Sedave looked away and down, shoving a hand into his pocket.
“Besides,” I said, “I tried to get her to come back with me, and she wouldn’t. She’s afraid of being tracked down.”
“Well we can’t just leave her there, Aria.”
“I’ll take care of it,” I said firmly. “I know what to do, and I’ll take care of it.”
Sedave narrowed his eyes. “What d’you mean?”
“I mean I’ll take care of it. It’ll take time, but I have a plan. She’s my best friend, Sedave. I should be the one to get her out.”
“This isn’t really helping my nerves.”
I sighed. “Just…You trust me, don’t you?”
“Just about more than anyone, I reckon,” he ceded.
“Then just trust me. Please? I’ve got it under control.”
“You’ll come to me for help, won’t you?”
I nodded. “Of course. If there’s anyone I can count on in this whole world, it’s you.”

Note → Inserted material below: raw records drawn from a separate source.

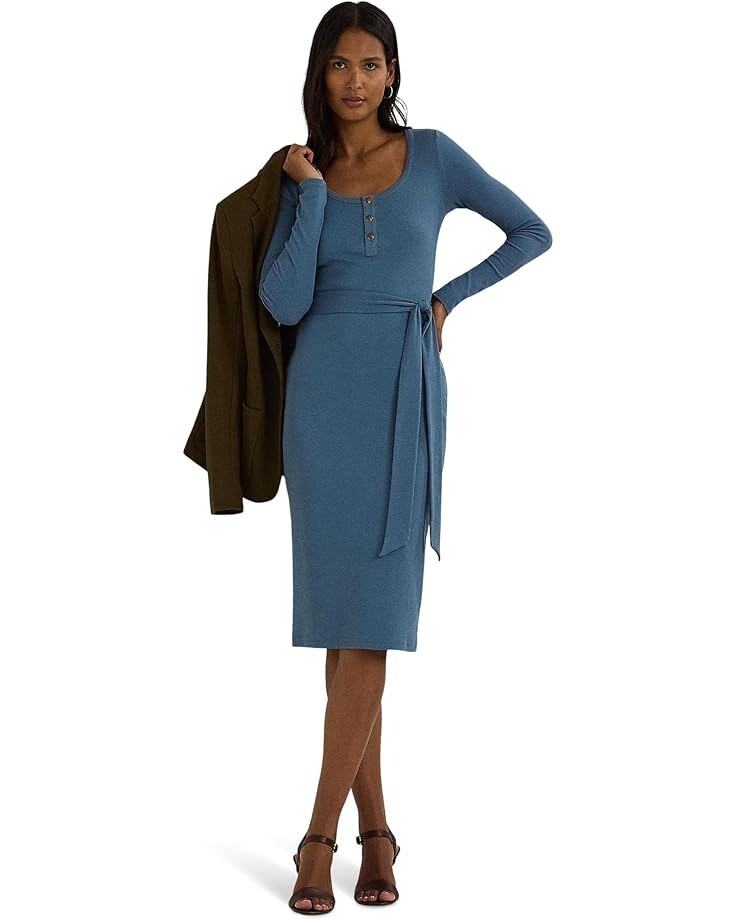 

Платье Lauren Ralph Lauren Belted Rib-Knit Henley Dress, цвет Blue Dusk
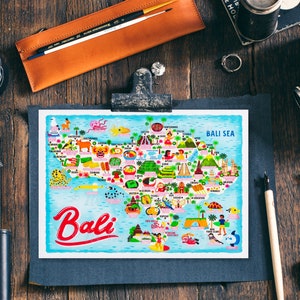 Bali Karte Postkarte - Landkarte von Bali - Illustrierte Karte von Bali - Reisegeschenk - A6 Postkarte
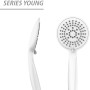 Wenko Duschkopf Young, weiße Handbrause mit 5 Strahlarten, aus Kunststoff (ABS), 11x11 cm.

I kissed him again, hoping my own nerves weren’t showing too much. Between a twelve mile trek, one half of which was spent fretting, a lecture and a kiss from a much older man, and Sedave worrying in a way I’d never seen before, I was beyond frazzled. Still, I took his hand, and we took a bath, and by the time we’d finished making love, we both were in a better place. His muscles were soft, his smile was back, and I was in his arms where I belonged when it came time to go to sleep.
As I closed my eyes, I thought: It’s fine, all is well. Joe will teach me to shoot, and soon Jana will be free again.
My loins speculated Joe might teach me other things, but I just had to ignore them. What did they know, after all?